The task —
Reproduce only what runs from the line containing "Diverse Group of Astronauts in Space" to the line containing "Pasek+Etui do Samsung" in the records below, inclusive. Keep it exact, and keep the pictures out.

*** Opening Task inputs ***

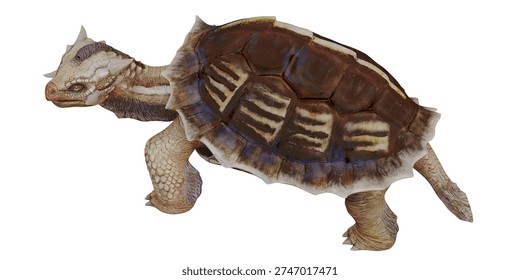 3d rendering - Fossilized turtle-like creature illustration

*** Closing Task inputs ***
*** Opening Task inputs ***

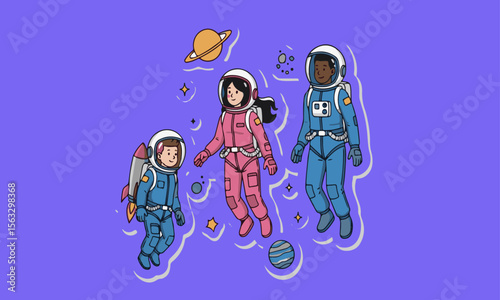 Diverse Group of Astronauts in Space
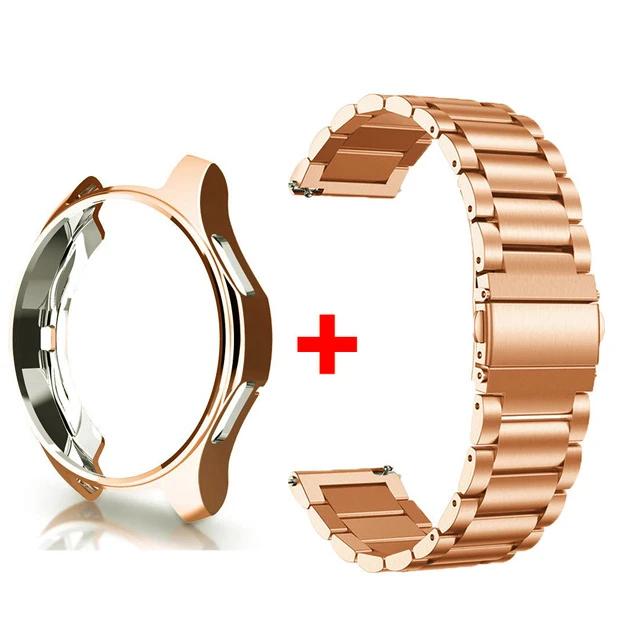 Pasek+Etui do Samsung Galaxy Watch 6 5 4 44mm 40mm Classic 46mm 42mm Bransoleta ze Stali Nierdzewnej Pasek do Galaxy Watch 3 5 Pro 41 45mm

*** Closing Task inputs ***
*** Opening Task inputs ***

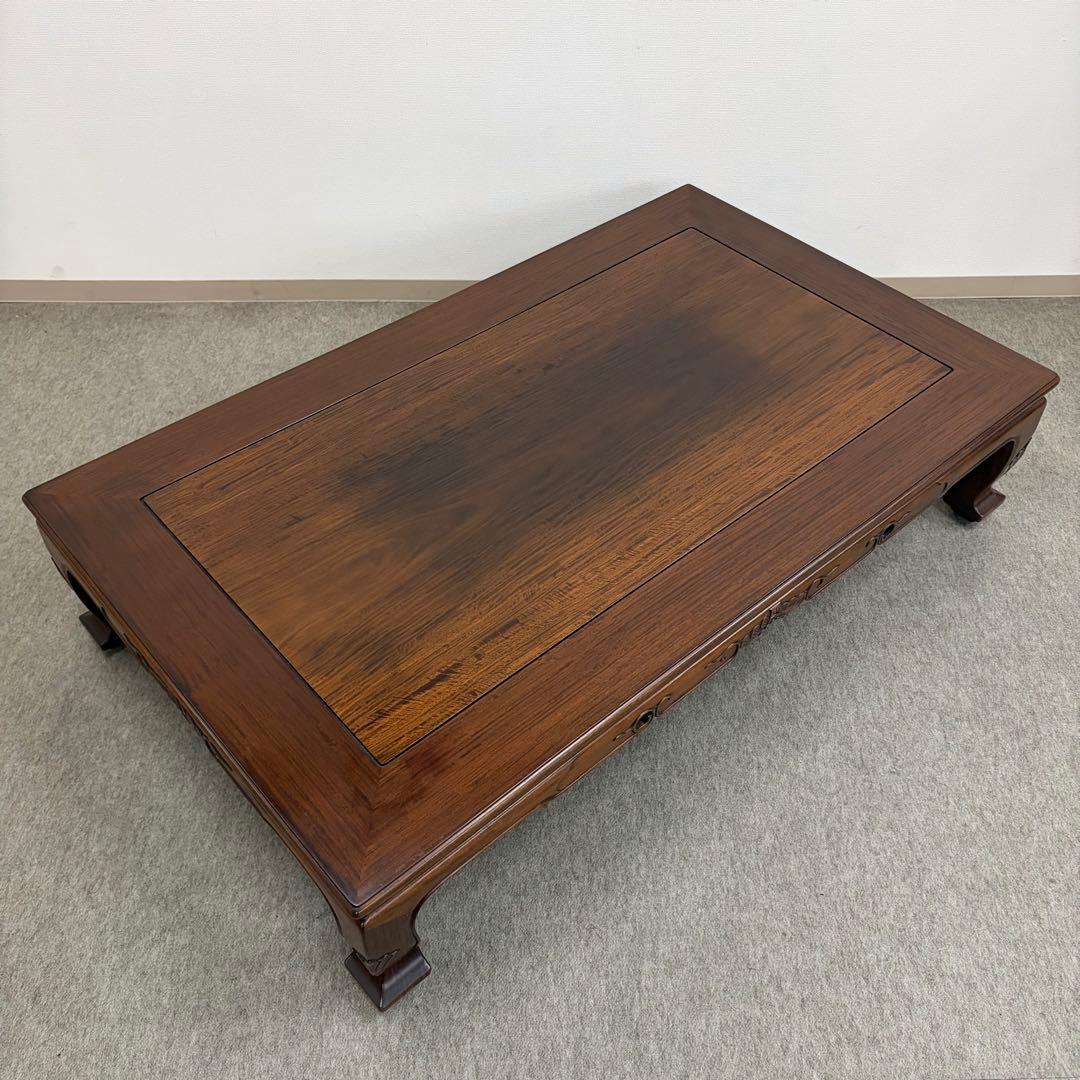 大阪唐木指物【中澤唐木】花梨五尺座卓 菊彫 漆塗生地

*** Closing Task inputs ***

Task response —
 Diverse Group of Astronauts in Space
 Pasek+Etui do Samsung Galaxy Watch 6 5 4 44mm 40mm Classic 46mm 42mm Bransoleta ze Stali Nierdzewnej Pasek do Galaxy Watch 3 5 Pro 41 45mm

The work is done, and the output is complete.